Looks great, then you look at the bunged up and butchered hill in the background, and you remember jeez, Penrith (who already has an amazing stadium) gets a complete upgrade and overhaul, within 10-15 year of their last major one.
You then realise we are like the Scottish nobles in William Wallaces time through history, squabbling over the scraps from longshanks table (piecemeal improvements, like buying new boxes of Lego, and adding on as we go), while Penrith is the ruch becoming richer:
Sure the hill looks tired.
WRT Penrith, all we have heard is that they are first cab off the rank for a stadium rebuild, one that’s supposed to kick off at season’s end.
Given the size of the project, slated to cost c.$280m, you might have thought advice was in on an architect, tenders were called etc. The season ends in six months and a state election is less than 12 months away. They had better get cracking.
If history is any guide (look at the recent faffing around at Moore Park) I wouldn’t bet on a Penrith rebuild before the end of 2022, especially with the increasingly difficult and expensive cost of finding suitable builders/contractors, in a competitive market for large scope infrastructure work nationwide. Just this week Rob Stokes said as much in the NSW Parliament.
Meanwhile Brookvale has just had around $33m spent on an upgrade - the old ‘bird in the hand is worth two in the bush’ argument.

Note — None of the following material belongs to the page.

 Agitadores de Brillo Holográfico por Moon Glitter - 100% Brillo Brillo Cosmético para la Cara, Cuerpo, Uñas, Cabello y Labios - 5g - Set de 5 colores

Let’s roughly extrapolate the money spent in the last three decades at Brookvale (into 2022 dollars) on the:
Ken Arthurson Stand (KAS), approx. $3.5m in 1995 dollars;
Electronic scoreboard and its newer replacement (overall cost unk.); and
TV standard lighting ($1m in 2005 dollars).
Plus in the 2009-12 timeframe:
Seating upgrades across three stands and the western concourse;
Corporate upgrades to the KAS plus a new passenger lift (the latter installed about 4-5 years ago); and
Extension to the Jane Try Stand with accompanying improvements to corporate, food/beverage and toilet facilities.
That last batch of work cost north of $10m at the time and the overall list isn’t exhaustive (did someone mention WHS-compliant upgrades at key points of the ground?). So if you convert it all, including the most recent work, into 2022 dollars, probably well in excess of $50m has been spent at Brookvale Oval in the 1992-2022 timeframe.
That would almost certainly exceed the sum spent directly on Penrith Park in the same timeframe, which consists mainly of extensions to their 1978 western stand, perhaps some corporate boxes fitted to their 1988 eastern stand; and some relatively minor work at the back of their southern hill, incl. a new scoreboard. Plus the ubiquitous TV lighting somewhere along the way, (presumably) courtesy of joining Superleague.